Background
Suicide risk assessment usually involves an interaction between doctors and patients. However, a significant number of people with mental disorders receive no treatment for their condition due to the limited access to mental health care facilities; the reduced availability of clinicians; the lack of awareness; and stigma, neglect, and discrimination surrounding mental disorders. In contrast, internet access and social media usage have increased significantly, providing experts and patients with a means of communication that may contribute to the development of methods to detect mental health issues among social media users.
Objective
This paper aimed to describe an approach for the suicide risk assessment of Spanish-speaking users on social media. We aimed to explore behavioral, relational, and multimodal data extracted from multiple social platforms and develop machine learning models to detect users at risk.
Methods
We characterized users based on their writings, posting patterns, relations with other users, and images posted. We
also evaluated statistical and deep learning approaches to handle multimodal data for the detection of users with signs of suicidal
ideation (suicidal ideation risk group). Our methods were evaluated over a dataset of 252 users annotated by clinicians. To evaluate
the performance of our models, we distinguished 2 control groups: users who make use of suicide-related vocabulary (focused
control group) and generic random users (generic control group).
Results
We identified significant statistical differences between the textual and behavioral attributes of each of the control
groups compared with the suicidal ideation risk group. At a 95% CI, when comparing the suicidal ideation risk group and the
focused control group, the number of friends (P=.04) and median tweet length (P=.04) were significantly different. The median
number of friends for a focused control user (median 578.5) was higher than that for a user at risk (median 372.0). Similarly, the
median tweet length was higher for focused control users, with 16 words against 13 words of suicidal ideation risk users.

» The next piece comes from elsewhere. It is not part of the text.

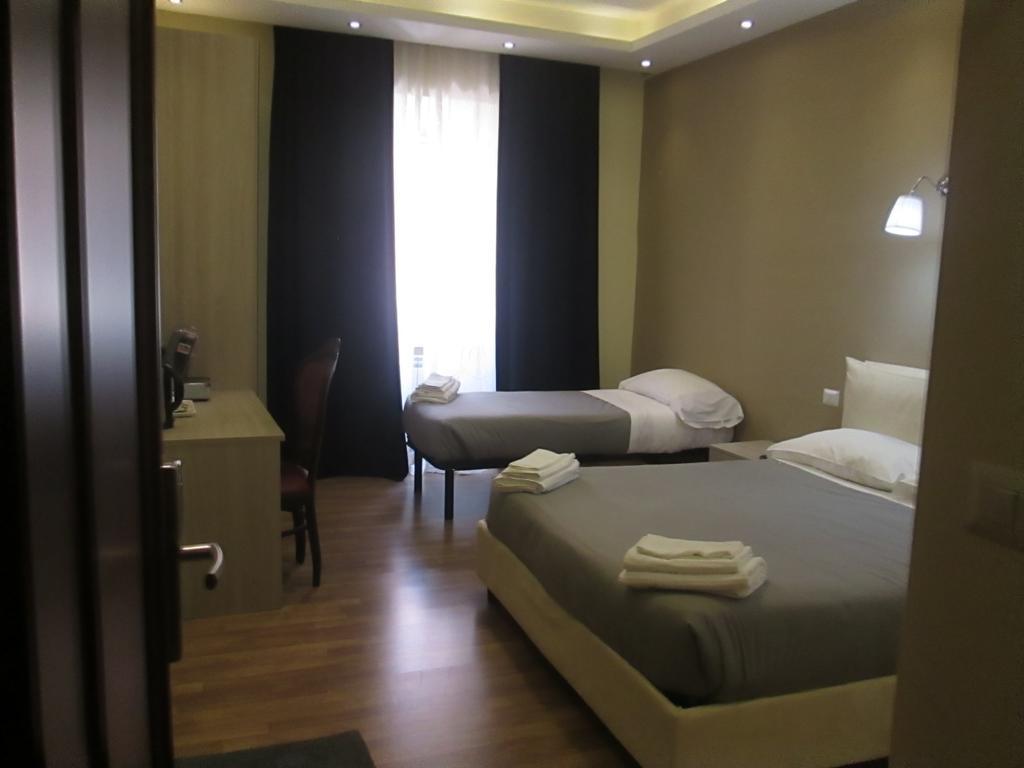 Lazio Elegance Suite Roma Exterior foto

Our
findings also show that the combination of textual, visual, relational, and behavioral data outperforms the accuracy of using each
modality separately. We defined text-based baseline models based on bag of words and word embeddings, which were outperformed
by our models, obtaining an increase in accuracy of up to 8% when distinguishing users at risk from both types of control users.
Conclusions
The types of attributes analyzed are significant for detecting users at risk, and their combination outperforms the
results provided by generic, exclusively text-based baseline models. After evaluating the contribution of image-based predictive
models, we believe that our results can be improved by enhancing the models based on textual and relational features. These
methods can be extended and applied to different use cases related to other mental disorders.